En 1904, fechas en que en EE. UU. Theodore Roosevelt fue reelegido presidente, el año en que se estrenó El jardín de los cerezos de Antón Chéjov y el mismo en que la Madama Butterfly de Puccini fracasaba en La Scala de Milán, la Academia Sueca premió ex aequo a un poeta provenzal, Frédéric Mistral, y a un autor que respondía a lo que se denominaba por entonces «polígrafo». Al español José Echegaray.

A don José Echegaray y Eizaguirre (1832-1916) no se le consideraba en 1904 un dramaturgo excepcional. Su producción teatral había recibido críticas ásperas de voces tan solventes como Clarín o la Pardo Bazán, a pesar de haber estrenado desde 1874, con aplausos, decenas de obras en prosa y en verso. En su discurso de ingreso en la Real Academia Española, al que respondió nada menos que don Emilio Castelar, en 1894, reflexionaba juiciosamente sobre la crítica literaria: concebida como historia y trayectoria, como estudio de los críticos más célebres y como profundización en las leyes —«la legalidad»— estéticas de la crítica filosófica. Propugnaba el «conocimiento científico de la belleza» y aceptaba, por su talante abierto, todos los movimientos y corrientes de literatura. Cerraba con estas palabras clásicas y fervientes: «Creo en la belleza, como creo en la verdad, como creo en el bien».

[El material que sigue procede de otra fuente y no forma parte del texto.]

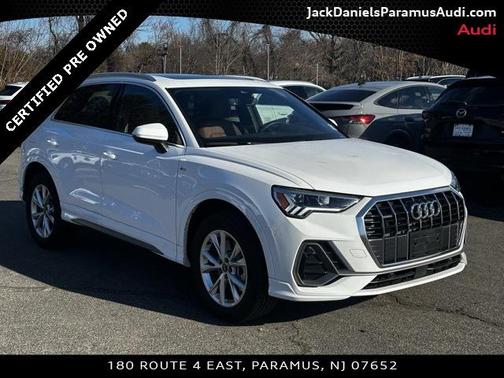 2025 Audi Q3 Premium 45 TFSI S line quattro Tiptronic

A don José le entregaron el premio en Madrid, en el Senado, el 18 de marzo de 1905, el rey Alfonso XIII y la comisión sueca organizadora. La noticia «provocó un diluvio de elogios, artículos, banquetes, ceremonias oficiales e incluso un homenaje nacional», según resumió Zamora Vicente (1916-2006), que fue secretario perpetuo de la Academia Española. Sin embargo, «ya no iban acordes las opiniones». Los que habían sido jóvenes finiseculares del 98 y el Modernismo —Unamuno, Rubén Darío, Baroja, Azorín, Valle-Inclán, los hermanos Machado y un histórico etcétera— protestaron por esos homenajes y se declararon ajenos a los supuestos artísticos de Echegaray. Eso sí: el periodista Mariano de Cavia esculpió en su elogiosa necrológica en El Imparcial este epitafio: «Españoles: Aquí yace vuestro siglo xix. Alargó su vida hasta el año 1916 y el horror le obligó a poner fin a tal milagro». 

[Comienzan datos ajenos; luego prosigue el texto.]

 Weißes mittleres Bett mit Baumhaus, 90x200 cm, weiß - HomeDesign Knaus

La muerte amarillea algunas páginas: en las bibliotecas yacen polvorientos los libros de Echegaray, científico, político, dramaturgo. Ya no se representa su teatro. El gran Galeoto, Mariana y otros títulos suyos ni siquiera les suenan a algunos licenciados en Filología Española. 

Las lápidas del tiempo, con sus cementerios-centenarios y rincones tranquilos. Leamos descansadamente. En paz. Con más vida.